DIRECTIONS FOR THIS TASK
Which lines in the records below hold the word "Lace"? Copy each of them.

MATERIAL FOR THE TASK
>>

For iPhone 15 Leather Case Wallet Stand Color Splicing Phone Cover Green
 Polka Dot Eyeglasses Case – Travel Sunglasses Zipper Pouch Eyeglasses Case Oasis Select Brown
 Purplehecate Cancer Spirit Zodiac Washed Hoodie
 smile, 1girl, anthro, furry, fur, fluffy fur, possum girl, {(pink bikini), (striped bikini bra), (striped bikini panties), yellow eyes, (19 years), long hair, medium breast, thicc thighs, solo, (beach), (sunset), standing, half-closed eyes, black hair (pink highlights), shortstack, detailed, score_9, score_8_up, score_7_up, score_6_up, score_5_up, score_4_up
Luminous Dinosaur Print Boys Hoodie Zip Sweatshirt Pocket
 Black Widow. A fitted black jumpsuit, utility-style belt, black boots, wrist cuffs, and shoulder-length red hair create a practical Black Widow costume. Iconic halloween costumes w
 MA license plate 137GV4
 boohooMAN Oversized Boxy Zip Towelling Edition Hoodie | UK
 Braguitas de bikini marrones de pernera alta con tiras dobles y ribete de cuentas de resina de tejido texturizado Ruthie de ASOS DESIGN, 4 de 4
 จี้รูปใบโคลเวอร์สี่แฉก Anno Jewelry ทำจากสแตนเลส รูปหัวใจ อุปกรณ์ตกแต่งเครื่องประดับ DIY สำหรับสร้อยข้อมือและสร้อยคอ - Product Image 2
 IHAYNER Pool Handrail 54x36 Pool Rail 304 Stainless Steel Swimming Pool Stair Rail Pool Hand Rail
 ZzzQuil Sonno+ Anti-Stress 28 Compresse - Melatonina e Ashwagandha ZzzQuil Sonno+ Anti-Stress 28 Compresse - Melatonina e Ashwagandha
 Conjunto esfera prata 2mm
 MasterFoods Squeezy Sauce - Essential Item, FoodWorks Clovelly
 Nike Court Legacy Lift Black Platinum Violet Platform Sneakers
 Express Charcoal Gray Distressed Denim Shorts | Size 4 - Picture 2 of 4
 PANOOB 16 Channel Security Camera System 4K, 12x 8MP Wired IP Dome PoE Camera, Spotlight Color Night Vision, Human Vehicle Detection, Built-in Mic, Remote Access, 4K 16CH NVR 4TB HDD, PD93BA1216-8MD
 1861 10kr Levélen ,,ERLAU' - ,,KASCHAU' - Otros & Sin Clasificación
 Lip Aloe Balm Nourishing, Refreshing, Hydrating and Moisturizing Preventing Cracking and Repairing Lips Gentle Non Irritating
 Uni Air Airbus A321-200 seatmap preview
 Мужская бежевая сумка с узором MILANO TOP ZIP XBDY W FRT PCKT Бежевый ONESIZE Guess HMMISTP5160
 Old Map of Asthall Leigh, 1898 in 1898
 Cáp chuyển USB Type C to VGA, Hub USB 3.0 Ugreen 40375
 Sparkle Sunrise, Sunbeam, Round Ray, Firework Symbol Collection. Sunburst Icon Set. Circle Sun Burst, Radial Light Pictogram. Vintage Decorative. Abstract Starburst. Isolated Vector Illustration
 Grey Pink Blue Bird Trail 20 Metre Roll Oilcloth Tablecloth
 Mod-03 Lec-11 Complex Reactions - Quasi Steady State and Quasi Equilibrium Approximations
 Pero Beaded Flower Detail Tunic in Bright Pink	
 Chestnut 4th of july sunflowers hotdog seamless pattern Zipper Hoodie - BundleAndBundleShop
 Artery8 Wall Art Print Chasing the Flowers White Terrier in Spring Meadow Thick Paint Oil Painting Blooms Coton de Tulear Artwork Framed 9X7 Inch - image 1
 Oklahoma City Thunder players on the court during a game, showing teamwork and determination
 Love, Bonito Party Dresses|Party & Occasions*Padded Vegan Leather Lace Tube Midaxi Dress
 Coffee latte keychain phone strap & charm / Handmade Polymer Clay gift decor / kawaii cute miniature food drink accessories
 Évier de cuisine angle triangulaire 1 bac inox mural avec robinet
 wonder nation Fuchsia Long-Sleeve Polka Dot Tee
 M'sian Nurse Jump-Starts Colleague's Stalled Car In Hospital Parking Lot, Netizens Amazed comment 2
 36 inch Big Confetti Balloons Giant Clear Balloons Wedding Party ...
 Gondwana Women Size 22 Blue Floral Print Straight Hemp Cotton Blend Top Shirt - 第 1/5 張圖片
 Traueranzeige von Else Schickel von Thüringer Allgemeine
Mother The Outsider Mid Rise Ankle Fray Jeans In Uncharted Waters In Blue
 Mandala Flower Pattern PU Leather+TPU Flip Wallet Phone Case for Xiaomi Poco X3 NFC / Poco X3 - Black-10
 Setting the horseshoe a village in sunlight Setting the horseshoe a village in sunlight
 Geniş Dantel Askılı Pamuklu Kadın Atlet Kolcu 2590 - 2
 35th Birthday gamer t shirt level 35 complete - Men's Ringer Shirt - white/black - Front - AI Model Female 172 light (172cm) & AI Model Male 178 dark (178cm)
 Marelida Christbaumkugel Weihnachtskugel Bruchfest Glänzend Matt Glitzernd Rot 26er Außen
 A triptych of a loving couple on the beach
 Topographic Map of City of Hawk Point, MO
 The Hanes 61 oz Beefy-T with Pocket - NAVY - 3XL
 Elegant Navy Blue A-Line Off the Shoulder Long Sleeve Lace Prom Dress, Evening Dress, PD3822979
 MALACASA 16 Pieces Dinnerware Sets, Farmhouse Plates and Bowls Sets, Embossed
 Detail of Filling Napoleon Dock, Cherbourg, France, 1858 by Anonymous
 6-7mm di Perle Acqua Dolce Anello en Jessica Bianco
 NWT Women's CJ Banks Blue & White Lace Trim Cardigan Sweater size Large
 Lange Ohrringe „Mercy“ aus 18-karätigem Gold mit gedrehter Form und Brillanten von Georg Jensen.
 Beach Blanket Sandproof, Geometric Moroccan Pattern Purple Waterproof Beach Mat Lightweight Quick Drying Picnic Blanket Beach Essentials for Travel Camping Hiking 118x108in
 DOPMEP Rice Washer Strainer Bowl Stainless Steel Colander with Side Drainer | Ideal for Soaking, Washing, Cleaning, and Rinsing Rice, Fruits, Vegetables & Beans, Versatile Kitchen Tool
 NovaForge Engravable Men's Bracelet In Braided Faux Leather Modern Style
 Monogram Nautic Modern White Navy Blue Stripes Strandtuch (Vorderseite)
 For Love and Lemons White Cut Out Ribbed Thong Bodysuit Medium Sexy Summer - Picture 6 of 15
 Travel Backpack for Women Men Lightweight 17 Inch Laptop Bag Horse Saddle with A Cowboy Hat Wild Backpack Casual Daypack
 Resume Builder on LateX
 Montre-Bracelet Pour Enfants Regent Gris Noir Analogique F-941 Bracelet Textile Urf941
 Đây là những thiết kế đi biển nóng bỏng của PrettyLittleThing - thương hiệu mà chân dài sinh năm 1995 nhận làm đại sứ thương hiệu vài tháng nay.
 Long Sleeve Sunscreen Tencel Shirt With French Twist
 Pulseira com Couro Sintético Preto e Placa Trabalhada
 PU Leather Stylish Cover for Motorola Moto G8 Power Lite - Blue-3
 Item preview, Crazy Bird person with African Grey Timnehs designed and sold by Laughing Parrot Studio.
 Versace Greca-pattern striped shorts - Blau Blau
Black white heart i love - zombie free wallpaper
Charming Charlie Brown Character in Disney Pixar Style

<<

FINISHED TASK
 Love, Bonito Party Dresses|Party & Occasions*Padded Vegan Leather Lace Tube Midaxi Dress
 Elegant Navy Blue A-Line Off the Shoulder Long Sleeve Lace Prom Dress, Evening Dress, PD3822979
 NWT Women's CJ Banks Blue & White Lace Trim Cardigan Sweater size Large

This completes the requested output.